━━━━━ DATA SHOWN ━━━━━
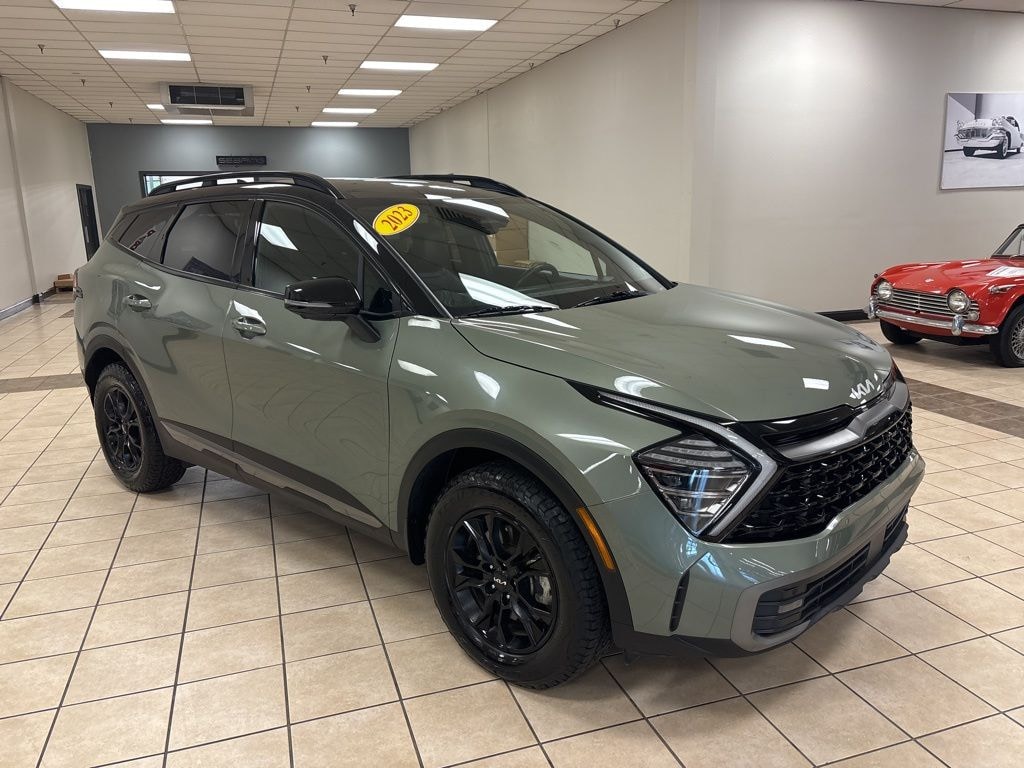 Used 2023 Kia Sportage X-Pro Prestige SUV Sport Utility AWD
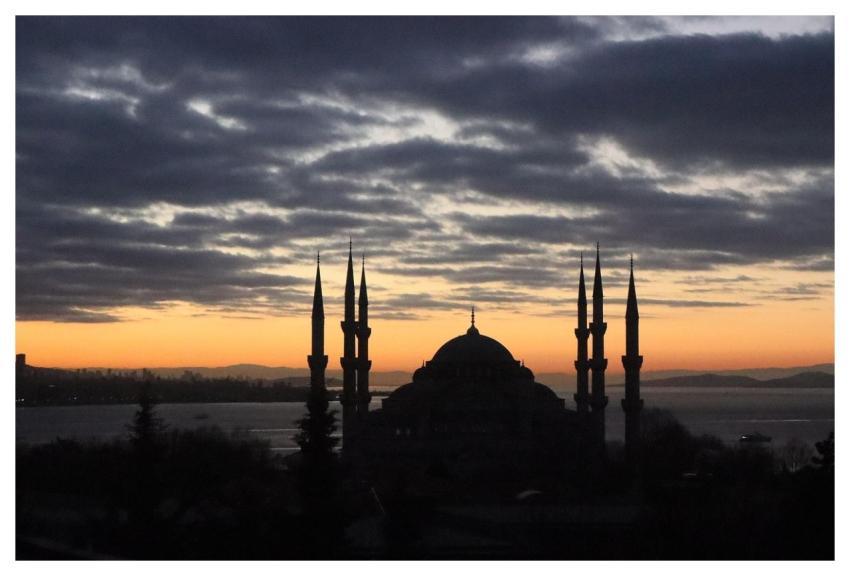 View Istanbul Tourism Dusk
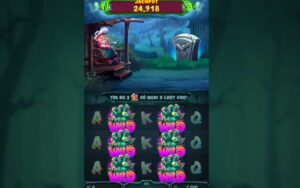 Bà nội thây ma kích hoạt wild zombie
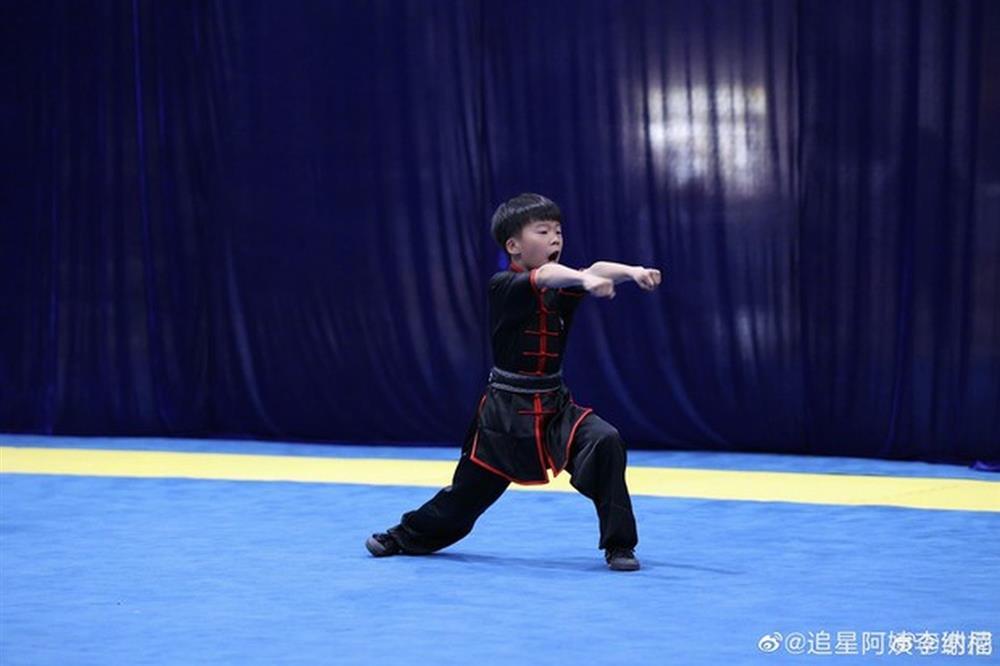 Con trai ngôi sao Ngô Kinh: Tài năng võ thuật, được nuôi dạy đặc biệt-3
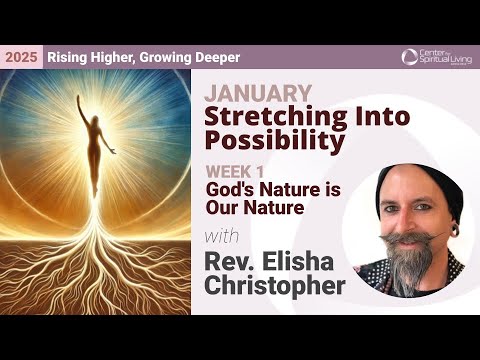 God’s Nature is Our Nature | Rev. Elisha Christopher | 1/5/2025 Sunday Talk
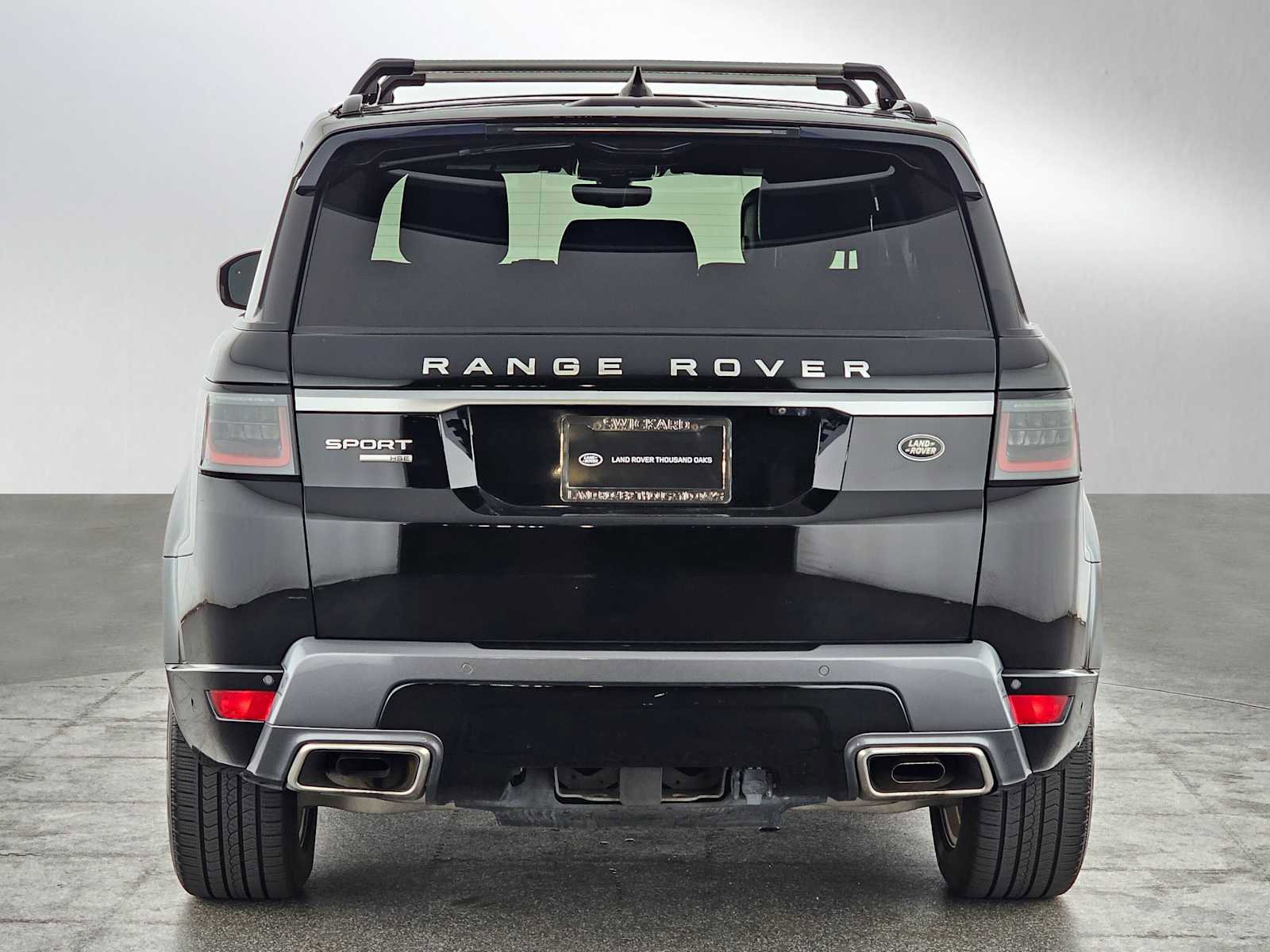 Used 2019 Land Rover Range Rover Sport HSE image 4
━━━━━
TASK DESCRIPTION. Every record above must be given again exactly; drop the pictures.

PROBLEM SOLUTION.
 Used 2023 Kia Sportage X-Pro Prestige SUV Sport Utility AWD
 View Istanbul Tourism Dusk
 Bà nội thây ma kích hoạt wild zombie
 Con trai ngôi sao Ngô Kinh: Tài năng võ thuật, được nuôi dạy đặc biệt-3
 God’s Nature is Our Nature | Rev. Elisha Christopher | 1/5/2025 Sunday Talk
 Used 2019 Land Rover Range Rover Sport HSE image 4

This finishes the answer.